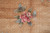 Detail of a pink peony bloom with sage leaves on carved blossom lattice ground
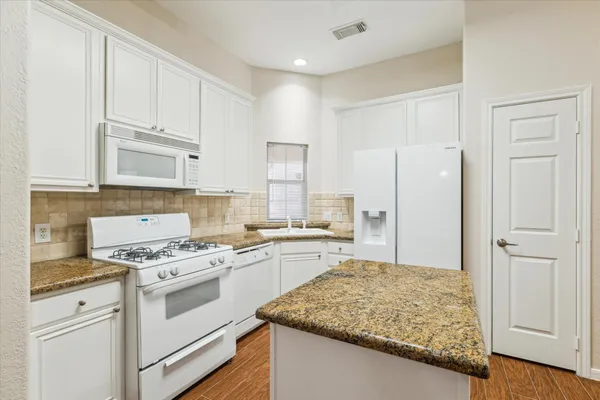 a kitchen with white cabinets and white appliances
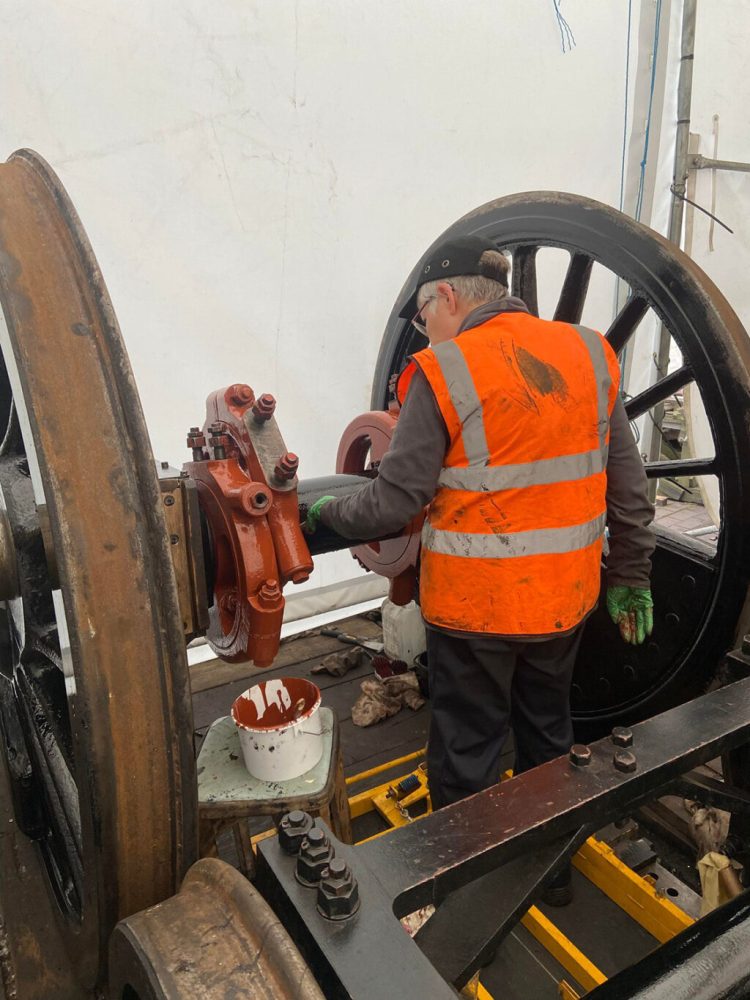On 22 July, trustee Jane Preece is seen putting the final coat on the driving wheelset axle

## WHAT NEEDS TO BE DONE
Exactly repeat the data above; the pictures do not belong in your copy.

## SOLUTION FOR THIS EXERCISE
 Detail of a pink peony bloom with sage leaves on carved blossom lattice ground
 a kitchen with white cabinets and white appliances
On 22 July, trustee Jane Preece is seen putting the final coat on the driving wheelset axle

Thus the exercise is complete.